For each pixel located at coordinate (x,y), the magnitude m(x,y) and direction  $\theta(x,y)$  need to be calculated. Assume that the pixel to be computed is located at coordinate (x,y) and its luminance value is denoted by f(x,y). The gradients of the x- and y-axes, which are denoted by  $f_x(x,y)$  and  $f_y(x,y)$ , respectively, are computed as

$$f_x(x,y) = f(x+1,y) - f(x-1,y)$$
 (1)

$$f_y(x,y) = f(x,y+1) - f(x,y-1).$$
 (2)



Fig. 3. Nine bins of gradient vote.

Then, the magnitude m(x, y) can be given as

$$m(x,y) = \sqrt{f_x(x,y)^2 + f_y(x,y)^2}.$$
 (3)

The direction  $\theta(x, y)$  can be computed by

$$\theta(x,y) = \arctan \frac{f_y(x,y)}{f_x(x,y)}.$$
 (4)

## B. Gradient Vote

After obtaining the magnitude m(x,y) and direction  $\theta(x,y)$ , each pixel within the cell calculates a gradient vote for an orientation histogram according to the orientation of the gradient element centered on it.
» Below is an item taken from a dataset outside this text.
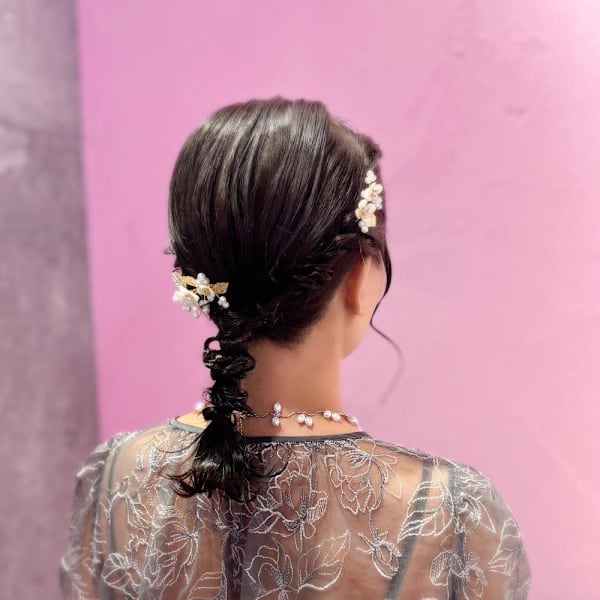 お呼ばれ編みおろしヘア♪|LAID BACK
The orientation is evenly spaced over  $0^{\circ}-180^{\circ}$  and is divided into nine bins, as shown in Fig. 3. The weight of each pixel, which is denoted by  $\alpha$ , can be computed as

$$\alpha = (n+0.5) - \frac{b * \theta(x,y)}{\pi} \tag{5}$$

where n is the bin to which  $\theta(x,y)$  belongs and b is 9, which indicates the total number of bins. To reduce aliasing, both values of two neighboring bins are incremented. The incremented values  $m_n$  and  $m_{\rm nearest}$  can be given by

$$m_n = (1 - \alpha) * m(x, y) \tag{6}$$

$$m_{\text{nearest}} = \alpha * m(x, y)$$
 (7)

respectively. Votes ( $m_0$  to  $m_8$ ) are accumulated into orientation bins over local spatial regions.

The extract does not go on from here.